Request for Proposals - Assessment of High Hydrogen Fuels
30 June 2010
30th June 2010
Assessment of Control and Safe Operation of Gas Engine and Gas Turbine Operations for High Hydrogen Content Gases in Combined Cycle and CHP applications
The closing date for this RfP was 23 August 2010. This RfP has now closed.
Hydrogen can be derived as a fuel source from a number of processes, either directly or as a by-product. Within the UK context to 2050, there are a number of potential sources of high hydrogen content gases that could be exploited within this timeframe:
IGCC with CCS (coal, biomass, gas)
H2 gas CHP opportunities (coke oven gas, refinery/chemical streams, syn-gas production from coal, town gas)

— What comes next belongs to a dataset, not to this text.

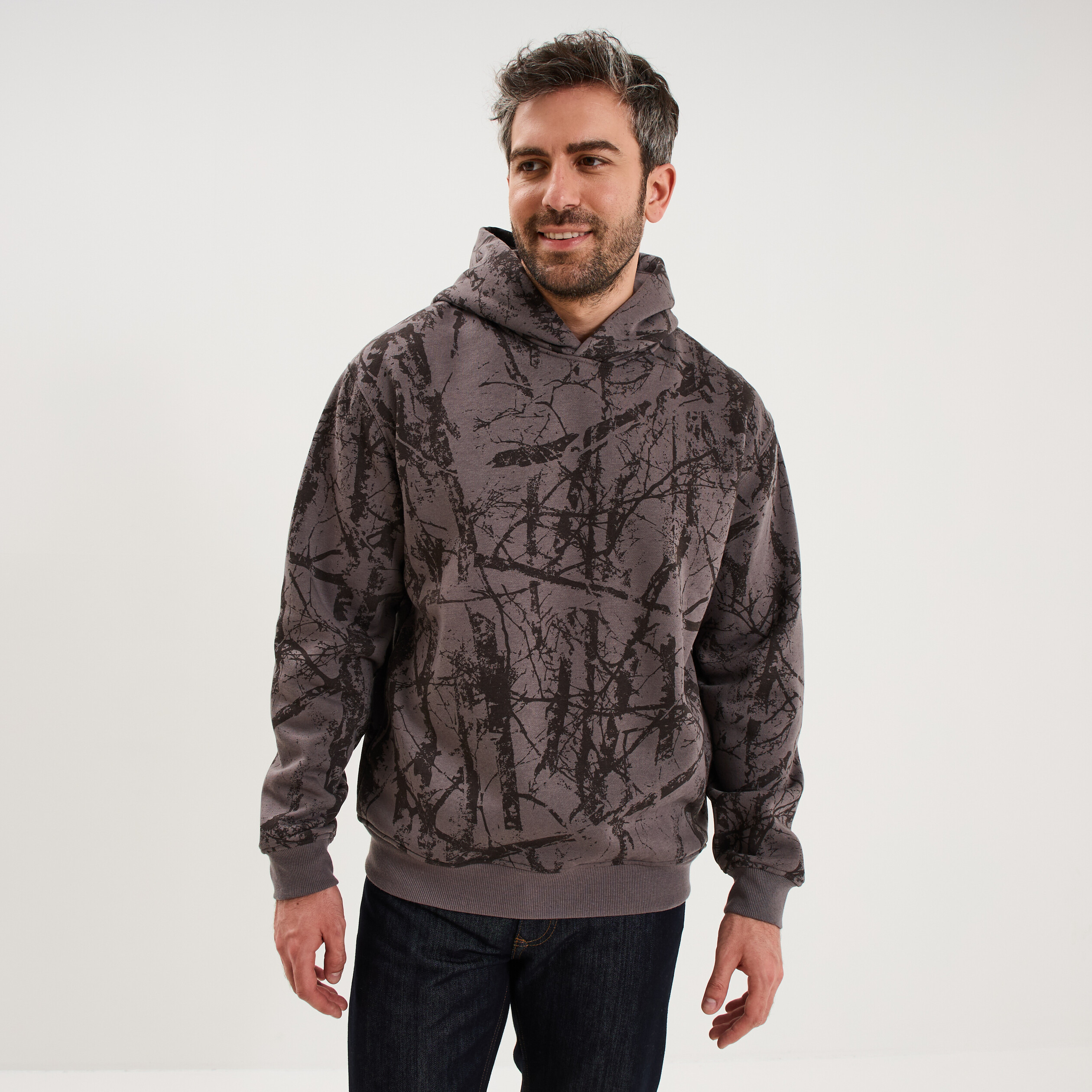 Sweat hoodie &agrave; capuche molleton taupe homme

Hydrogen fuel derived from excess generation from wind/nuclear
Biomass gasification projects
Safe Operating Limits and Safety Mechanisms for High Hydrogen Content Power Systems
The aim of this project is to develop a deeper knowledge and understanding on the safe operating limits and safety mechanisms required to manage combined cycle and CHP systems that utilise high hydrogen content gases for power conversion in both gas engines and gas turbines; in order to both assess the technology development opportunity and scale-ability of systems in this area. The specific core area of concern is in assessing the risk of flame-out, leading to a deflagration to detonation transition (DDT) and subsequent explosion; whilst exploring options that could be used to mitigate this risk.
Work has been conducted by a number of institutions around defining LEL’s for high hydrogen systems; however for most systems, the data to assess whether a DDT would occur is not available. HRSGs and other heat transfer elements in gas turbine exhausts act as obstructions to the flow and may serve to accelerate any deflagration and cause a DDT.
DDT does not always occur in highly obstructed environments and whether it can occur depends on mixture composition, concentration, conditions (temperature, pressure etc.), geometry, and scale. Detailed information to assess whether DDT could occur in gas turbine exhausts including HRSGs is not available and it is not possible to accurately assess whether DDT can realistically occur in applications with high hydrogen fuels.
Thus current mitigation options that exist in industry often necessitate running systems at a significantly reduced efficiency; dealing with nuisance trips; or, given the precautionary principle, ruling out potential opportunities.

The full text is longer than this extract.